## TASK BRIEF
Leave out the pictures and reproduce all of the data exactly.

## SOURCE DATA

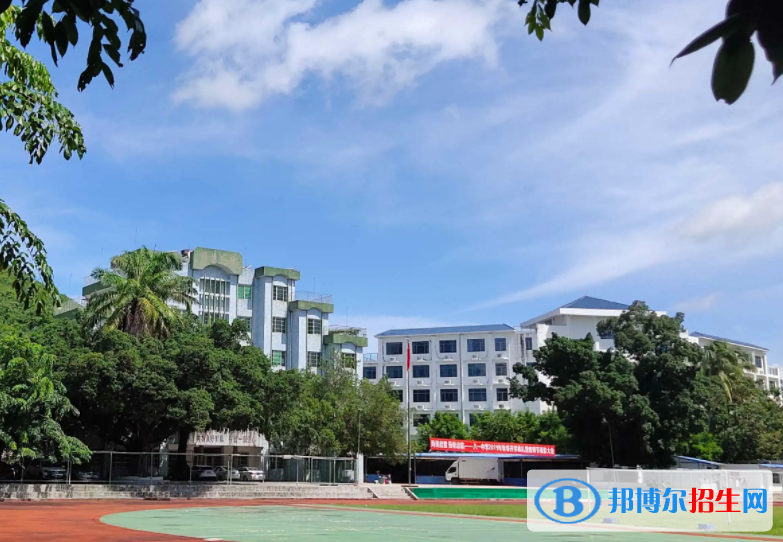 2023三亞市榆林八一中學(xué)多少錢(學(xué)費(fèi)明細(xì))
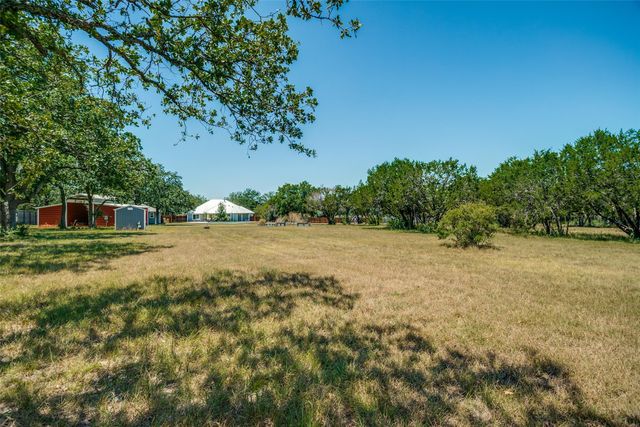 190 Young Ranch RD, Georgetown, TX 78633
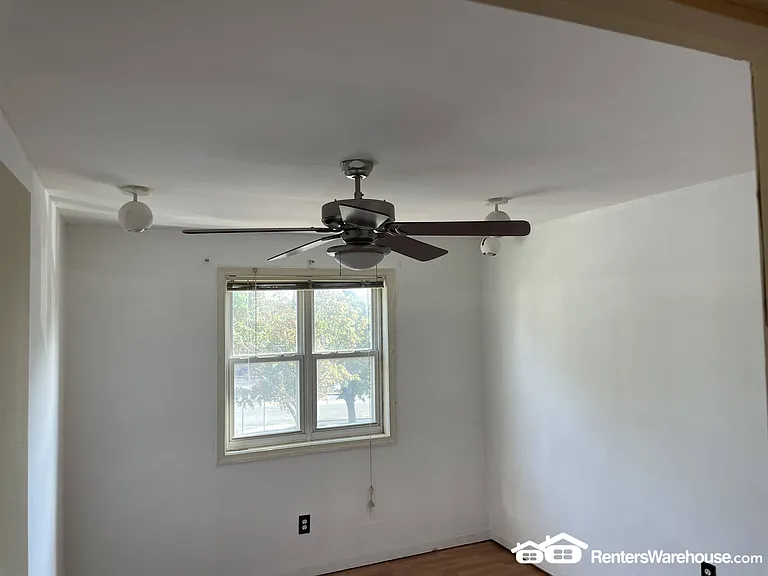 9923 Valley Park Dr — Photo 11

## FINISHED TASK
 2023三亞市榆林八一中學(xué)多少錢(學(xué)費(fèi)明細(xì))
 190 Young Ranch RD, Georgetown, TX 78633
 9923 Valley Park Dr — Photo 11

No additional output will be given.